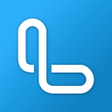 Icon of program: Moo.do - Organize your wa…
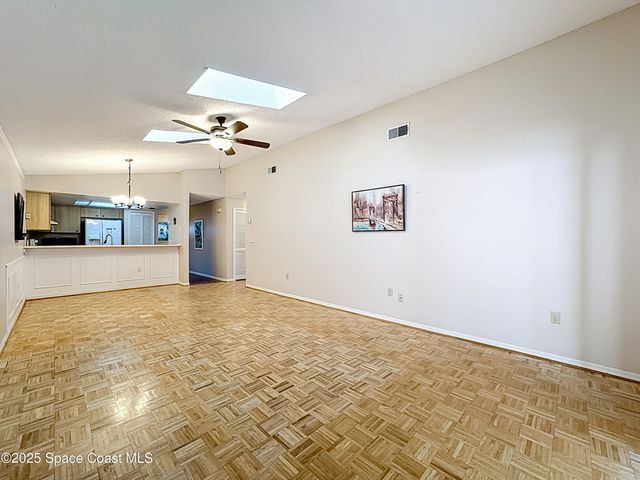 3033 Dunhill Drive, Cocoa, FL 32926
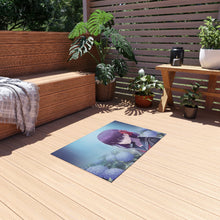 Load image into Gallery viewer, Fate/Stay Night Rug
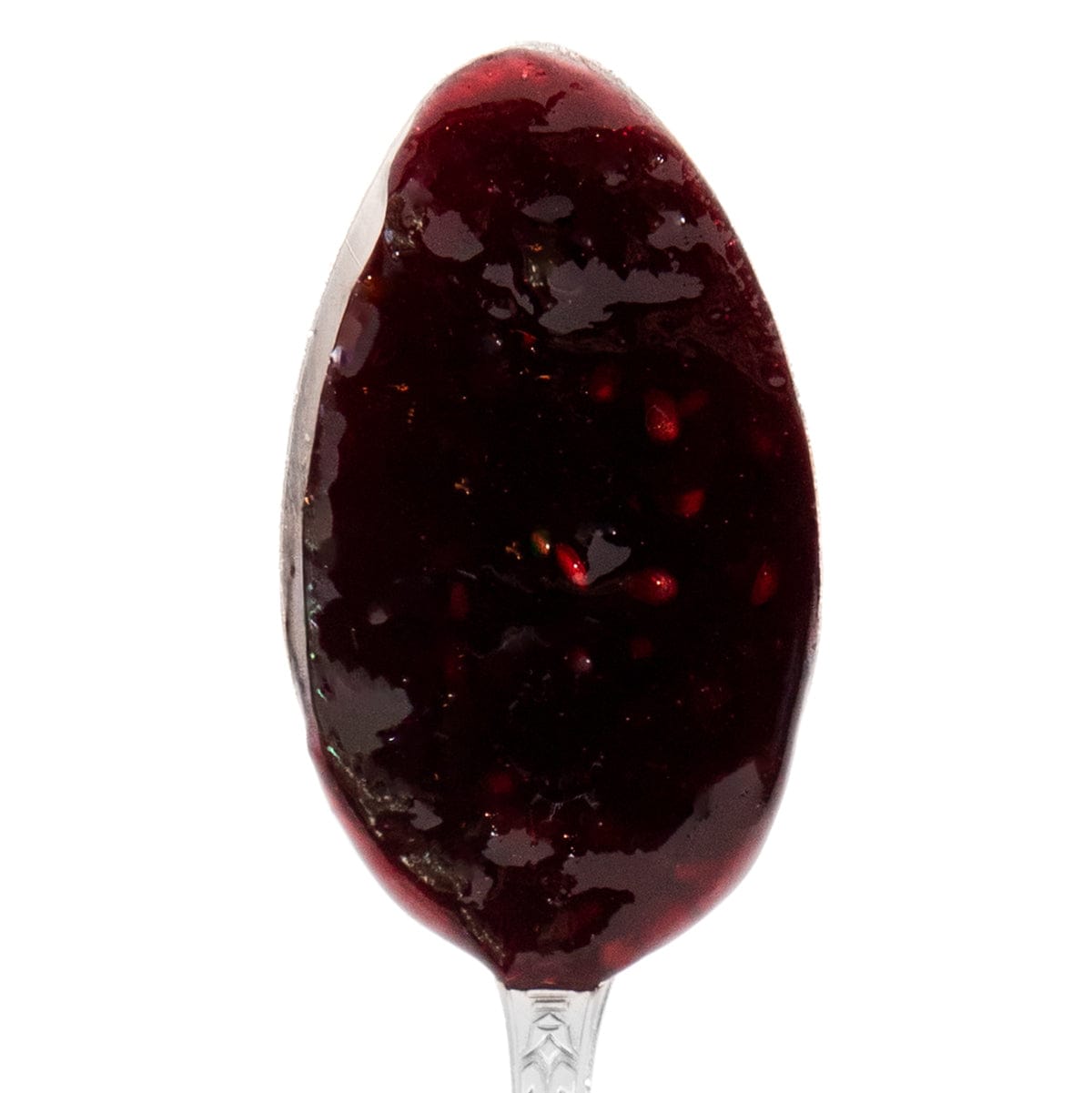 Blake Hill Preserves jam Blackberry Blueberry Balsamic Preserve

★ ★ ★ ★

▸ **ABOUT THIS EXERCISE**:
The finished answer is an exact repetition of the listing, with every picture removed.

▸ **YOUR RESPONSE**:
 Icon of program: Moo.do - Organize your wa…
 3033 Dunhill Drive, Cocoa, FL 32926
 Load image into Gallery viewer, Fate/Stay Night Rug
 Blake Hill Preserves jam Blackberry Blueberry Balsamic Preserve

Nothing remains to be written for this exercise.